Akbari argues that the fantasies shown in these films went on to construct reality. Their voiceover proclaims that their “body was born out of your distorted gaze”. If culture (especially popular culture) not only delineates the boundaries for which one is to be perceived, but also permitted to act and to express themselves, then as the sculptor creates bodies so too does the filmmaker.
There is a strangely prophetic moment in which we witness a young woman singing to a man on the street below. “Your madness has become my memory, the thoughts in my mind. You are the master of arts […]”
Cinema archives often operate as sites where film histories are produced, and are called upon in the formation of collective memory. If we consider this to be an investigation into an archive of male fantasy and paranoia, where does fantasy end and reality begin? Is it possible to reach and encounter the actresses in the images, circumventing the gaze in which they are couched?
In How Dare You Have Such a Rubbish Wish, and indeed elsewhere in Mania Akbari’s practice, they present their body as an archive: a storehouse of memory, joy and trauma. It is a site on which the gaze is inscribed, stored, and inherited. On the popular dancer and actress Jamileh they describe how: “We observed the curves of her body / which bridged past and present. We saw in that wondrous innocence / We preserved it in our bodies”.
As the past activates itself in the present via the body, the body is also an entry point into the past. The knife that is held in the hand of a filmfarsi actor is followed by a scene showing Mania receiving a tattoo of a floral motif across their chest, and the instrument of violence becomes a tool for creativity and self-articulation. The body expressed and presented on its own terms is the body in healing, and the body healed in the present is able to reach and repair the bodies shown in these archival films.

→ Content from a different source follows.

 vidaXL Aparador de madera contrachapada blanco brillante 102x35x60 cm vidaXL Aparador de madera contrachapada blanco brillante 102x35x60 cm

There is a line in How Dare You Have Such a Rubbish Wish that has stuck with me since my first watching. Towards the end of the film Mania describes how “The scratchy, colourless and broken image of us is still our image”. There is a parallel drawn between the materiality of the archive that often exists in different states of decay or degradation, and the distorted image of the women held in it. It also calls to attention the fact that filmic material is vulnerable, needing to be handled with care. To me, this film feels as though Mania is gently cradling these images, sustaining an attentive, generous and loving interaction with the women presented in them.

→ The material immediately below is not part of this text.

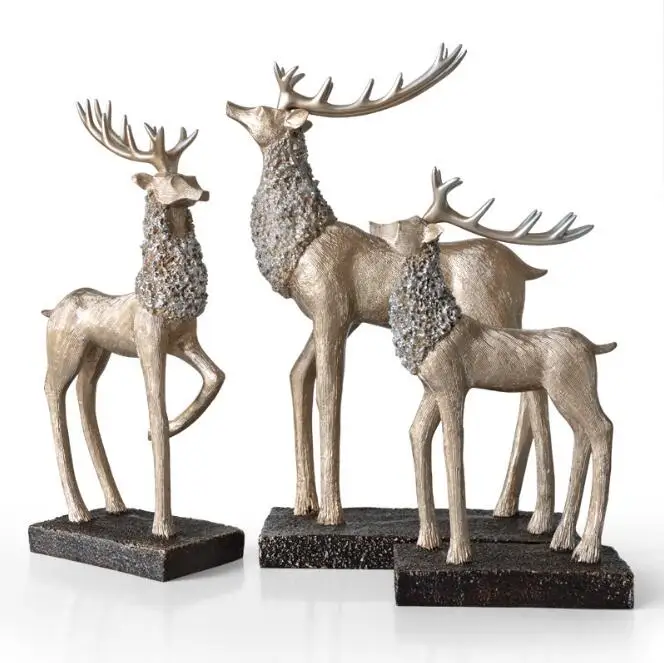 2PCS American Creative Retro Deer Couple elk Ornaments Livingroom Desktop Resin Crafts Home Furnishings Christmas Decoration | Дом и сад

The film closes with a scene showing the filmmaker and the actress Iante Roach dancing freely to the accompanying words: “We’ll reclaim our confiscated bodies from your masculine history”. The body that was previously confiscated and forced to dance for male audiences now dances on its own terms. Movement and decoration are avenues to reinhabiting the dispossessed body.
In How Dare You Have Such a Rubbish Wish reconstruction is presented as a practice of restoration and historiographic redress. By repositioning these filmfarsi fragments and weaving them together with the silver thread of Mania’s voiceover and own images, the original filmfarsi clips are compelled to speak to a different history – one of resistance.